At first sight the ‘charms to cure diseases and possession by demons of disease’ may seem comical.  But you need to turn to the section on demons to understand how important this aspect is in healing.  Emotional ills cause physical ills, as such understanding and having prayers to help expunge emotional ills ‘demons’ is an important first stage in healing.  The AV does not ignore the physical – it uses plants – but its first line of healing is emotional.

 

A number of academics classify these texts into ‘black’ and ‘white’ magic, but this sort of magic only works – the placebo or nocebo effect – if the person believes in it. 

For this reason the healing prayers do have great interest, as it may be, that said with enough conviction for a sick person who believes in the power of prayer, they may well work. 

The addition of instructions for ritual may also have added effect, as the activity enacting ceremony and ritual explains. 

The AV is the first Indic text dealing with medicine. It identifies the causes of disease as living causative agents such as the yatudhāna, the kimīdin, the krimi or kṛmi and the durṇāma.
The Atharvans seek to kill them with a variety of incantations or plant-based treatments in order to counter the disease (see XIX.34.9). This approach to disease is quite different compared to the trihumoral theory of Ayurveda.
Remnants of the original Atharvanic thought did persist, as can be seen in Suśruta's medical treatise and in (Garuḍa Purāṇa, karma kāṃḍa - chapter: 164). Here, following the Atharvan theory, the Purāṇic text suggests germs as a cause for leprosy. In the same chapter, Suśruta also expands on the role of helminths in disease. These two can be directly traced back to the Atharvaveda saṃhitā.
The hymn AV I.23-24 describes the disease leprosy and recommends the rajani auṣadhi for its treatment. From the description of the auṣadhi as a black, branching entity with dusky patches, it is very likely that it is a lichen with antibiotic properties. Thus the AV may be one of the earliest texts to record uses of antibiotic agents.

 

Another area in which the Atharvaveda is of great interest, is the explanation of a number of key metaphysical theories, which are virtually identical to all other spiritual and mystic systems. 

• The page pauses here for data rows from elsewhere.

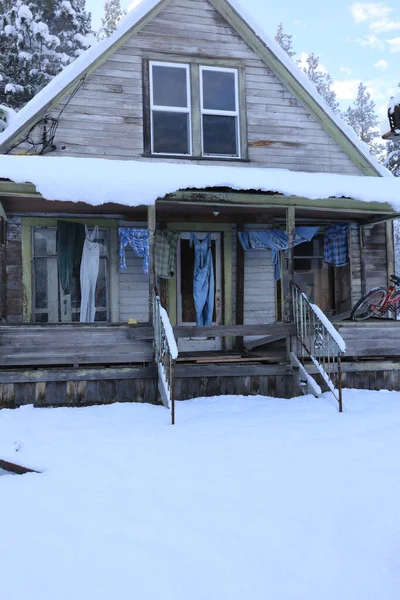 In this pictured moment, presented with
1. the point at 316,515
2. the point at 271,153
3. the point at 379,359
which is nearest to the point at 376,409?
the point at 379,359

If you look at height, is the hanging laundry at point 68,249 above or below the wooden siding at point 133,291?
above

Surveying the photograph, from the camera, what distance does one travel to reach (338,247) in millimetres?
10883

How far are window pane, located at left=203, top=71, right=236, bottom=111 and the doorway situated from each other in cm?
277

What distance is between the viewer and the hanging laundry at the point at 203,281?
10.3 meters

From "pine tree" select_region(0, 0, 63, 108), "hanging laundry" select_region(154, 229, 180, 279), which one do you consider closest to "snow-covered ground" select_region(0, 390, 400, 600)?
"hanging laundry" select_region(154, 229, 180, 279)

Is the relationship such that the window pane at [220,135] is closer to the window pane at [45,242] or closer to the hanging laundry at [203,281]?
the hanging laundry at [203,281]

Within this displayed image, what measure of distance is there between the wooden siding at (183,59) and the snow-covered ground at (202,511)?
6016 millimetres

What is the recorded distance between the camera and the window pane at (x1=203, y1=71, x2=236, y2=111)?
10.6 m

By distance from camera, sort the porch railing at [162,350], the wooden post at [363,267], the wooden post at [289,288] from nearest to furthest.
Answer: the porch railing at [162,350], the wooden post at [289,288], the wooden post at [363,267]

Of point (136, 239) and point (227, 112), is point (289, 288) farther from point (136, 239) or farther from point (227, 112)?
point (227, 112)

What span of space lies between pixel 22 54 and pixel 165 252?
14642mm

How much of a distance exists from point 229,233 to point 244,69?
353 centimetres

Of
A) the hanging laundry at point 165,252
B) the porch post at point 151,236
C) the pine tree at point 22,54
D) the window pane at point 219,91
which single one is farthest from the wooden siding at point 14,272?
the pine tree at point 22,54

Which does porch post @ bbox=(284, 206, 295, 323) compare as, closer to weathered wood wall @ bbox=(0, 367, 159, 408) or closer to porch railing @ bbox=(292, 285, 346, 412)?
porch railing @ bbox=(292, 285, 346, 412) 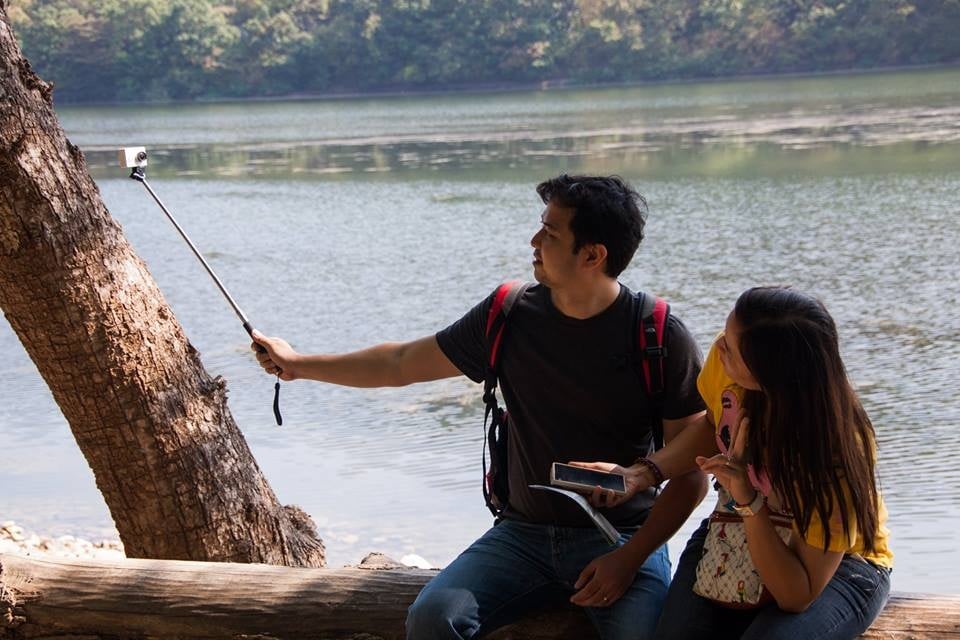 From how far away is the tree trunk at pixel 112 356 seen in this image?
3168 millimetres

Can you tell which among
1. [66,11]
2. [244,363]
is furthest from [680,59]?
[244,363]

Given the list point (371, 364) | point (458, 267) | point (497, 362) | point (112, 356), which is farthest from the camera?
point (458, 267)

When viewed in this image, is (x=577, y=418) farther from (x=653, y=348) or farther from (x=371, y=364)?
(x=371, y=364)

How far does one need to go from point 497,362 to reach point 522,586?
0.45m

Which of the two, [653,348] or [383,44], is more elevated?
[653,348]

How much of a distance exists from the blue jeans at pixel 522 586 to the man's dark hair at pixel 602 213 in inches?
21.1

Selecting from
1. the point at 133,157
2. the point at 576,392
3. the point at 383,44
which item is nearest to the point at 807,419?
the point at 576,392

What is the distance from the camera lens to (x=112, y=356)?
10.6ft

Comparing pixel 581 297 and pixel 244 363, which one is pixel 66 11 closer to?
pixel 244 363

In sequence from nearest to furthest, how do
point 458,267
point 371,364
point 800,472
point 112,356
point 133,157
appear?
point 800,472 → point 371,364 → point 133,157 → point 112,356 → point 458,267

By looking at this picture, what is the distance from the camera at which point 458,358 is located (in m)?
2.82

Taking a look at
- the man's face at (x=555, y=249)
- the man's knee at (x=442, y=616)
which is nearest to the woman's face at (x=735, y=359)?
the man's face at (x=555, y=249)

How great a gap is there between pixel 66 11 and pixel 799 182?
178ft

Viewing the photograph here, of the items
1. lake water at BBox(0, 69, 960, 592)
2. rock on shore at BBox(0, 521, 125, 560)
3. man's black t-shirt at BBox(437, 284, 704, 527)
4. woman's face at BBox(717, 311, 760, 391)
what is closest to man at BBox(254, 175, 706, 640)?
man's black t-shirt at BBox(437, 284, 704, 527) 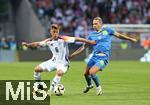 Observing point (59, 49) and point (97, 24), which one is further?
point (97, 24)

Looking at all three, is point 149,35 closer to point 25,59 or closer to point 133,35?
point 133,35

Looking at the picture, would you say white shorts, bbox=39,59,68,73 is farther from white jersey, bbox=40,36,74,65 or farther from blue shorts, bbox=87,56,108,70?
blue shorts, bbox=87,56,108,70

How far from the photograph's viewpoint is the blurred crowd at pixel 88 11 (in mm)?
44094

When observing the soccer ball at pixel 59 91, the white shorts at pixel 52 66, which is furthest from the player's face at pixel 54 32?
the soccer ball at pixel 59 91

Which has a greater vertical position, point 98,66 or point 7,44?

 It includes the theory of aggregates, the systems of the universe, the Intelligence hierarchy, the Egg , the Tree of Life, the Elements and so on.

Philosophical excursions are found in books 8-12. One of the most spectacular expressions of philosophical thought is seen in the hymn XII.I, the Hymn to goddess Earth or the Pṛthivī Sūkta used in the Āgrayana rite. The foundations of Vaiṣeśika Darśana is expressed in the mantra XII.1.26 in which the atoms (Pāṃsu) are described forming the ‘stone’, the ‘stones’ aggregating to form ‘rocks’ and the ‘rocks’ held together to form the Earth.

 

Early pantheistic thought is seen in the hymn X.7 and the skaṃbha. This skaṃbha is described as what poured out of the Hiraṇyagarbha that was the precursor of the complex world in a very simple form (X.7.28). (Hiraṇyagarba = "The golden womb from which the Universe was formed.") … The hymn also describes a pantheistic nature of the Vedic gods (X.7.38): the units of this spreading entity are the gods even as branches of one tree.

The Atharvaveda thus contains great wisdom and I hope we have been able to capture the essence of this wisdom in our selection and presentation of the prayers.